PROVIDED DATA
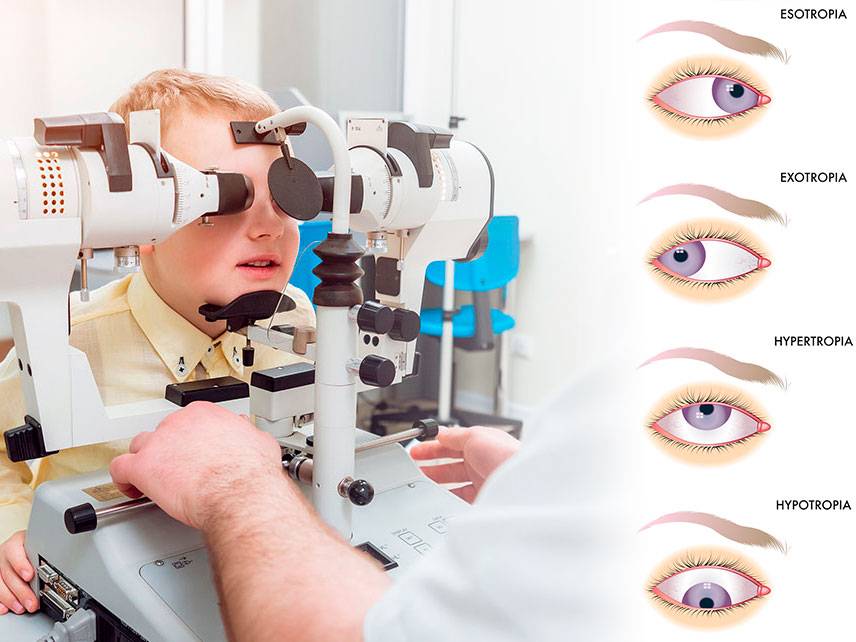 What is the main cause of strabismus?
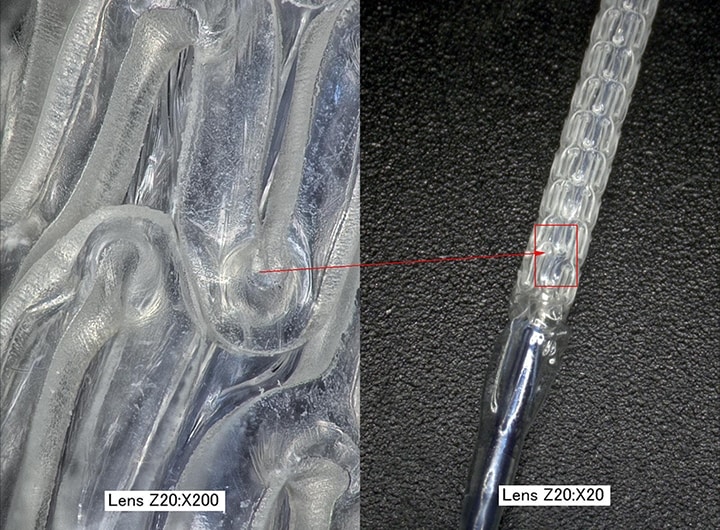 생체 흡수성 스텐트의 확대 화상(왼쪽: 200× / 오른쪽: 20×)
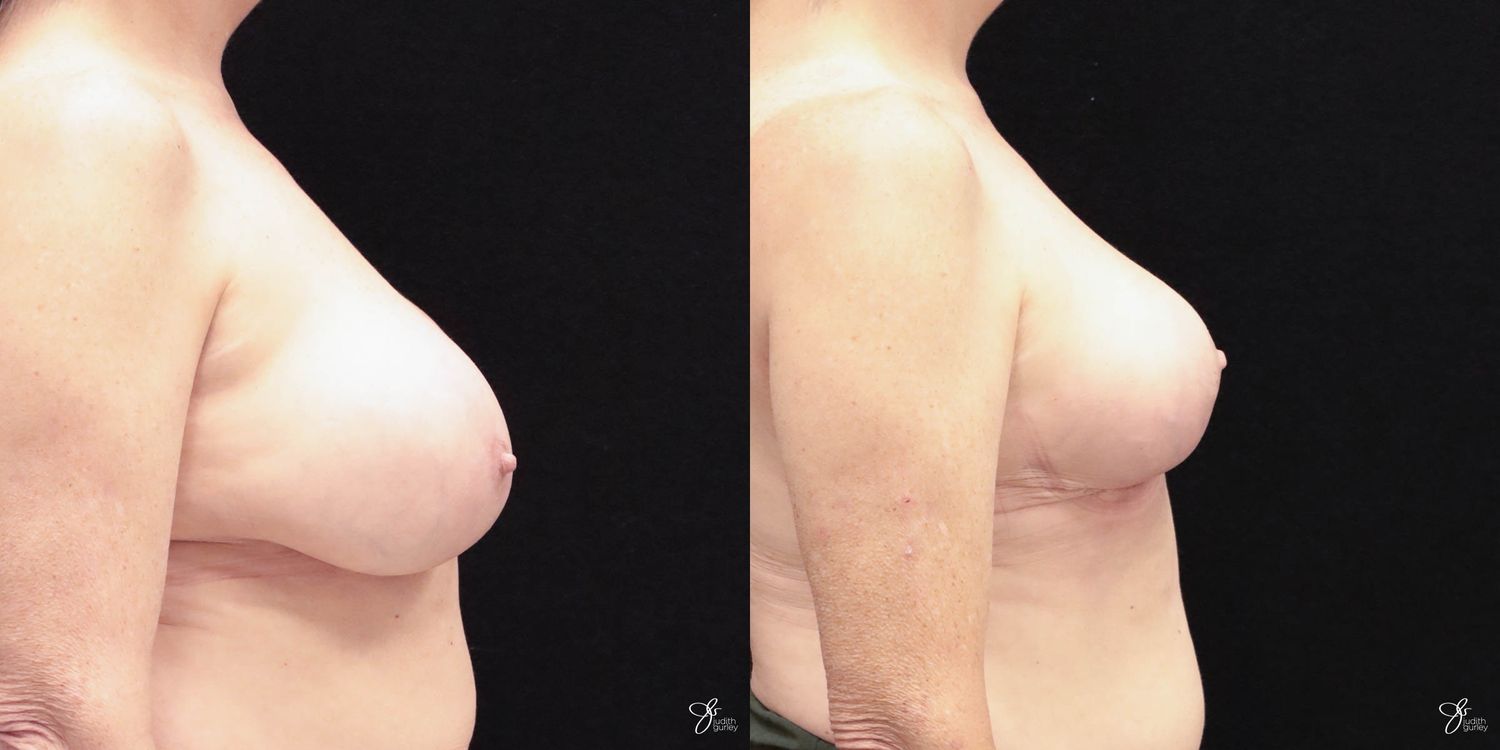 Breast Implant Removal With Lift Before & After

AIM OF THE TASK
Leaving out the images, repeat the listing above exactly.

RESPONSE FOR THIS EXERCISE
 What is the main cause of strabismus?
 생체 흡수성 스텐트의 확대 화상(왼쪽: 200× / 오른쪽: 20×)
 Breast Implant Removal With Lift Before & After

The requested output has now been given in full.